Perchè abbiamo voluto abbinare il Cibo alla Cultura? Perché dalle nostre parti il cibo è una forma di cultura tradizionale che, con un buon vino, ispira a meditare sulla propria vita e su quanto siamo fortunati ad avere questa tradizione culinaria che si tramanda da secoli nelle famiglie ed ora nei ristoranti.

Alla domenica le famiglie si riuniscono attorno al tavolo ed anche ora che la pandemia ha cercato di dividerci, la tavola ci unisce, magari un po’ più distanziati rispetto a prima, ma continua ad essere il momento della discussione e del confronto tra genitori e figli, tra nonni e nipoti, tra amici e tra quelli che sono a tavola.
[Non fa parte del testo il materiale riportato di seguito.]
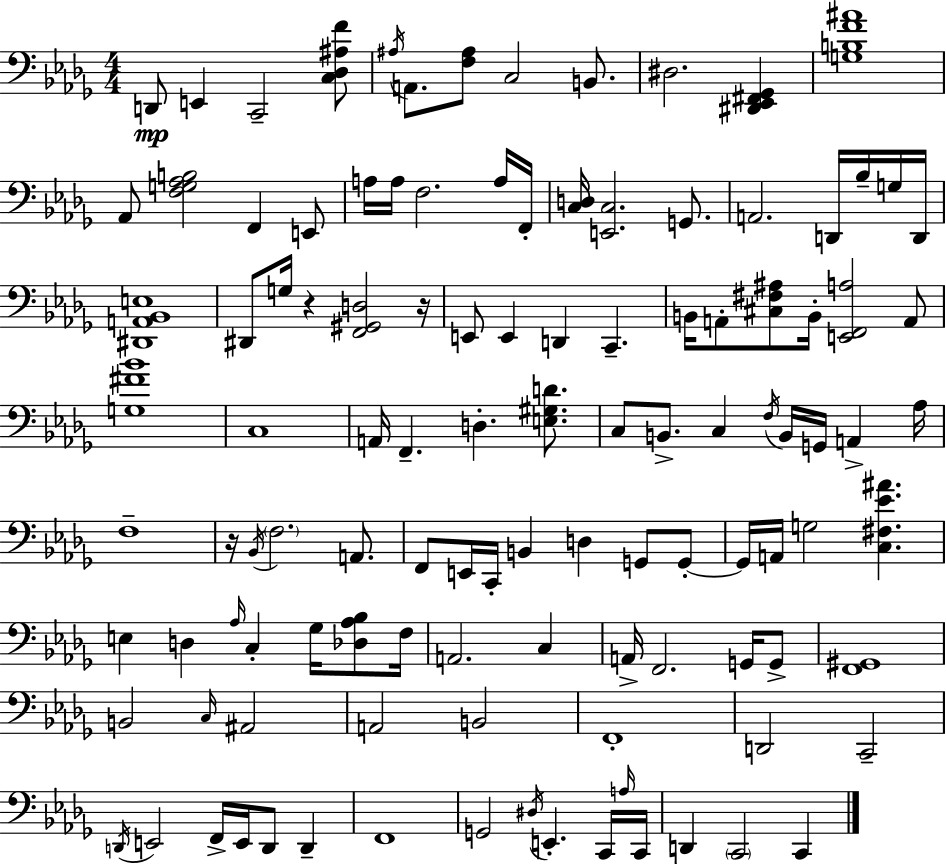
D2/e E2/q C2/h [C3,Db3,A#3,F4]/e A#3/s A2/e. [F3,A#3]/e C3/h B2/e. D#3/h. [D#2,Eb2,F#2,Gb2]/q [G3,B3,F4,A#4]/w Ab2/e [F3,G3,Ab3,B3]/h F2/q E2/e A3/s A3/s F3/h. A3/s F2/s [C3,D3]/s [E2,C3]/h. G2/e. A2/h. D2/s Bb3/s G3/s D2/s [D#2,A2,Bb2,E3]/w D#2/e G3/s R/q [F2,G#2,D3]/h R/s E2/e E2/q D2/q C2/q. B2/s A2/e [C#3,F#3,A#3]/e B2/s [E2,F2,A3]/h A2/e [G3,F#4,Bb4]/w C3/w A2/s F2/q. D3/q. [E3,G#3,D4]/e. C3/e B2/e. C3/q F3/s B2/s G2/s A2/q Ab3/s F3/w R/s Bb2/s F3/h. A2/e. F2/e E2/s C2/s B2/q D3/q G2/e G2/e G2/s A2/s G3/h [C3,F#3,Eb4,A#4]/q. E3/q D3/q Ab3/s C3/q Gb3/s [Db3,Ab3,Bb3]/e F3/s A2/h. C3/q A2/s F2/h. G2/s G2/e [F2,G#2]/w B2/h C3/s A#2/h A2/h B2/h F2/w D2/h C2/h D2/s E2/h F2/s E2/s D2/e D2/q F2/w G2/h D#3/s E2/q. C2/s A3/s C2/s D2/q C2/h C2/q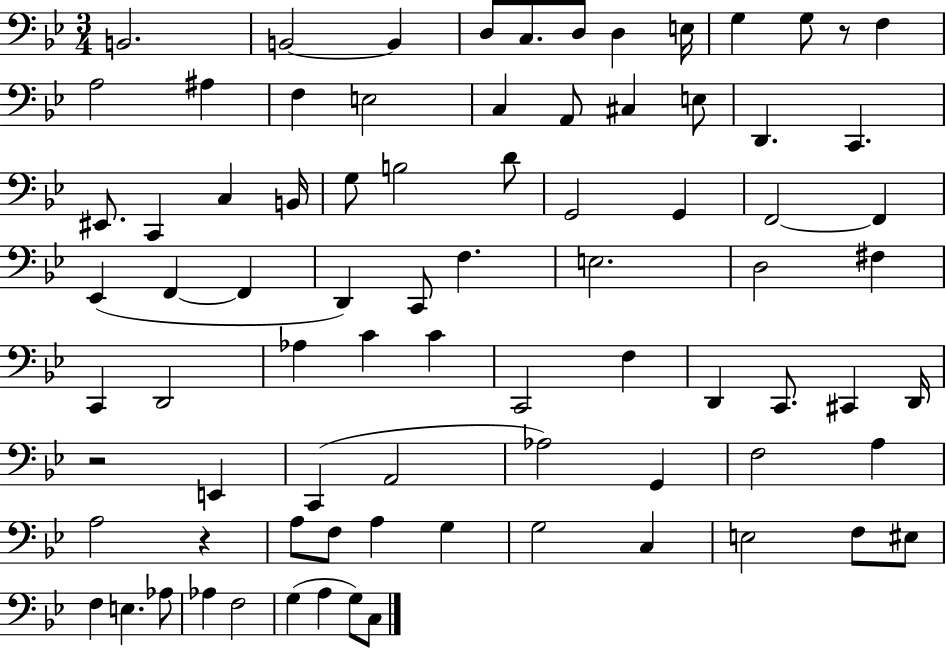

Ci sono chef famosi che hanno attinto dalla tradizione culinaria italiana per fare programmi televisivi e altri itineranti sul territorio, che hanno diffuso all’estero la nostra cultura culinaria. Ci sono persone che dall’estero vengono da noi per capire come siamo felici, nazioni in cui non ci sono tradizioni culinarie, “fish and chips”, “hamburger” con tante salse per aggiungere il gusto che manca, chi abbina al cibo Coca Cola o the freddo alla pesca: riteniamoci fortunati ed esaltiamo la nostra cultura culinaria.

AGNOLOTTI E RAVIOLI

Pasta e dolci. Per tutti i golosi, il Monferrato è senza dubbio luogo di tentazione. Importante la pasta fresca, come gli agnolotti ai tre arrosti e i tajarin all’uovo, preparati con la farina del pregiato “mais otto file”, così come la polenta, abbinata a salsiccia, spezzatini e formaggi, e i biscotti di meliga. Anche il miele è un prodotto molto diffuso, in molte varietà autoctone, in particolare quello d’acacia, utilizzato insieme alle nocciole anche per la produzione del torrone. 

Agnolotti o “gobbi”

L’agnolotto è un piatto classico della cucina popolare piemontese: è infatti consuetudine utilizzare per il ripieno gli avanzi di arrosto dei giorni precedenti, triturati e mescolati fra loro, insieme a verdure, formaggio o altri ingredienti. Considerando questa origine risulta improprio parlare di una ricetta tradizionale per il ripieno, in quanto questo variava in relazione agli avanzi a disposizione; il fatto che questa sia da considerare l’origine più genuina dell’agnolotto è attestata dall’utilizzo del sugo d’arrosto per il condimento: questa ricetta infatti prevede di riutilizzare non solo la carne avanzata, ma anche l’intingolo dell’arrosto, coerentemente con la tradizione contadina che prevede di evitare ogni spreco.

I ravioli di Gavi

Il raviolo gaviese per tradizione viene preparato con carni bovine e suine, uova, formaggio, borragine e scarola. Si presenta con una sfoglia sottile e gustosa e si degusta principalmente in 3 modi: al “tocco”, il locale sugo di carne, in scodella al vino e “a culo nudo” (ebbene si, di dice proprio così) cioè solo schiumati, senza condimenti, con solo formaggio grattugiato.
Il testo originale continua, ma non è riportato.